Once I realized the flexibility of tofu, I started to have fun experimenting. As I started to develop my tofu recipes, I was lucky to have two non-vegan teenage boys at home to be my taste-testers. I knew that if they liked my new recipe in addition to burgers, fries and pizza, that it must be a success. It made me happy when I made the egg-less salad sandwich filling ahead for supper the next day and came home to find that my kids had eaten some for an after-school snack — I wasn’t forcing them to eat it; they liked it.


It is important to choose the type of tofu that creates the desired effect. There are two general categories of tofu: regular and silken. You find regular tofu packed in water in the refrigerated section of your favorite grocery store, with textures from soft to extra firm. Regular tofu holds its shape better and is suitable for sauteing and stir-frying. It is also used as an egg substitute in the following recipes. The second category, known as silken, comes in an aseptic container and can be stored at room temperature. Silken tofu is very creamy and is always softer than regular tofu, which makes it ideal for sauces, dips and pudding. Most tofu recipes taste better when made ahead, so the tofu has time to absorb the flavors.


Both of these recipes use regular tofu — the kind packed in water. The firm or extra-firm varieties work best. There is no need to press the tofu; just drain, rinse and pat dry with a clean towel. To take the place of eggs, the tofu is crumbled into small pieces. The sandwich filling is an adaptation of a traditional egg-salad sandwich recipe and it takes less time than the traditional recipe because you don’t have to boil the eggs.


When I first experimented with tofu scramble, I did an internet search for recipes, but it always seemed like something was missing. After some thought, I realized the tofu takes the place of the egg white, but I wasn’t tasting any egg yolk flavor. Knowing that mayonnaise is traditionally made with egg yolk, I added some vegan mayo to my next batch of tofu scramble and loved the result. That said, you should know that I tend to go heavy on the mayo because it’s a weakness of mine. If you want a lighter-calorie, less-rich result, you could easily cut the mayonnaise in half.


There are two non-traditional ingredients you may not be familiar with: kala namak salt and nutritional yeast. If you haven’t tried them, you should. Kala namak salt is also known as Himalayan black salt, but note that the powdered salt has a pink color. It contains sulfur compounds that give it the aroma and flavor of hard-boiled eggs. It is used in vegan dishes to mimic the taste of eggs and also tastes good in bean dishes. It is available at Indian grocery stores, in stores with large spice sections and online. The nutritional yeast adds great flavor, a nice yellow color, extra nutrients and is available at New Pioneer Food Coop, HyVee Health Market and Natural Grocers.
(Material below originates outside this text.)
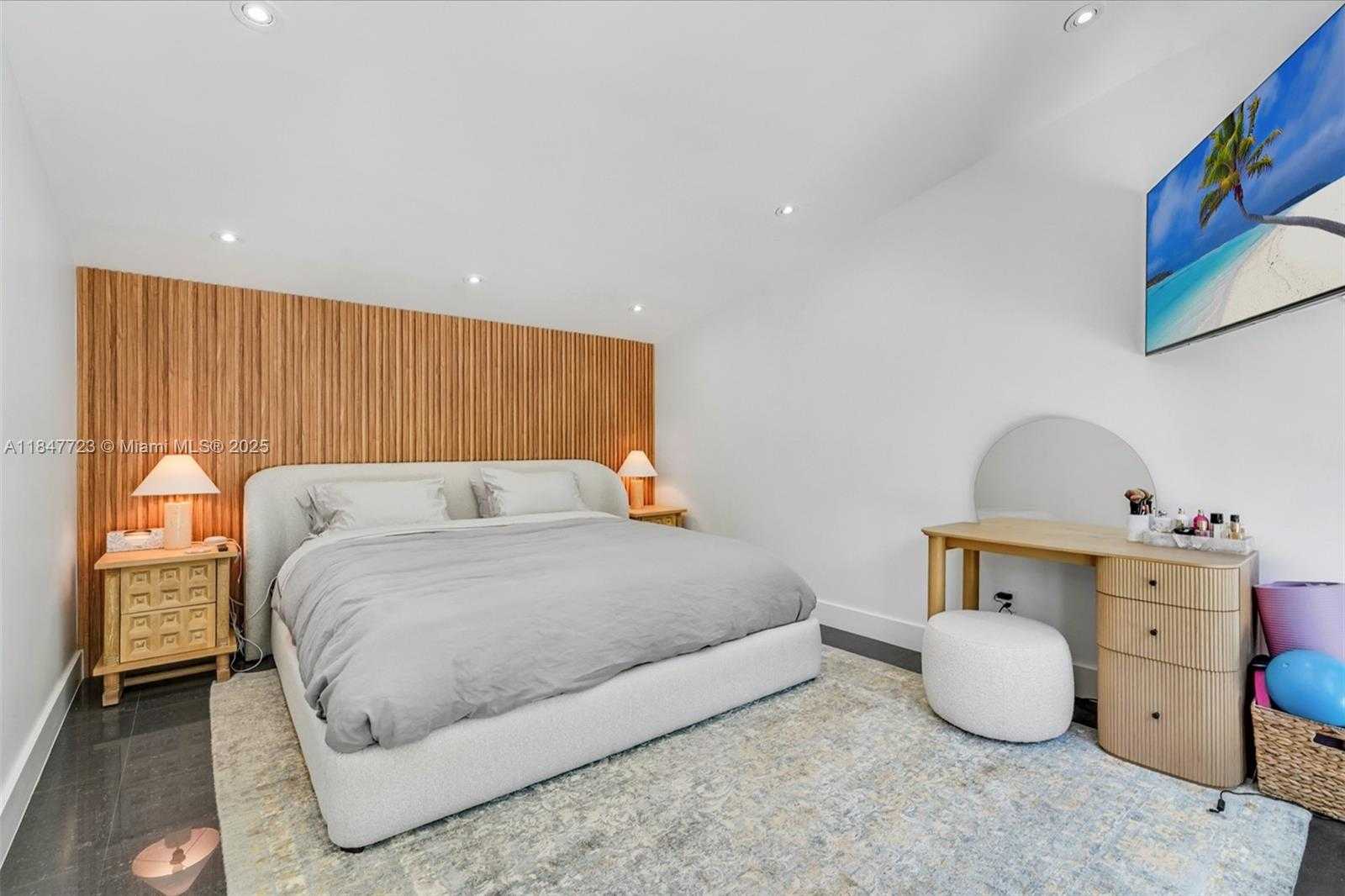 Small Image of 7720 MINDELLO STREET, Coral Gables Number 13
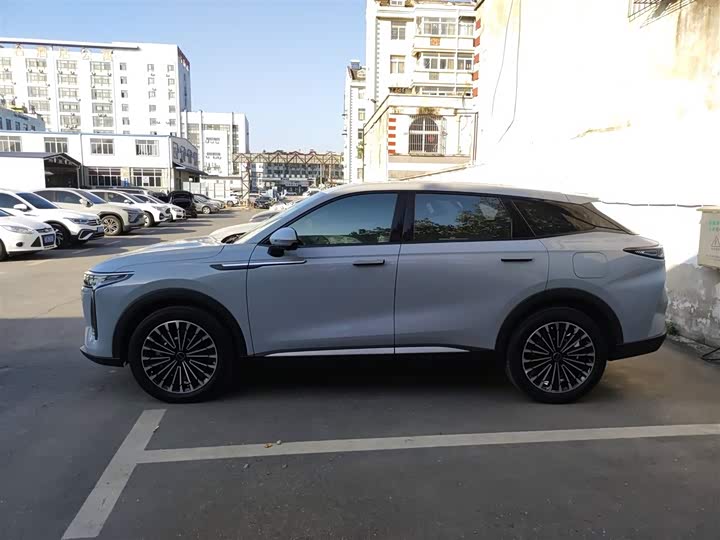 Фото 5 - Exeed RX C-DM Hybrid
In addition to sandwiches, the eggless salad recipe also makes a nice topping for crackers. I also use it as a base for potato salad by adding about 2 pounds of potatoes, boiled and cubed. For both recipes, the proportions and spices can easily be adjusted to suit your taste. To keep things simple and reduce cleanup, I like to mix and store in the same container. I also measure dry ingredients before wet so I only need one set of utensils.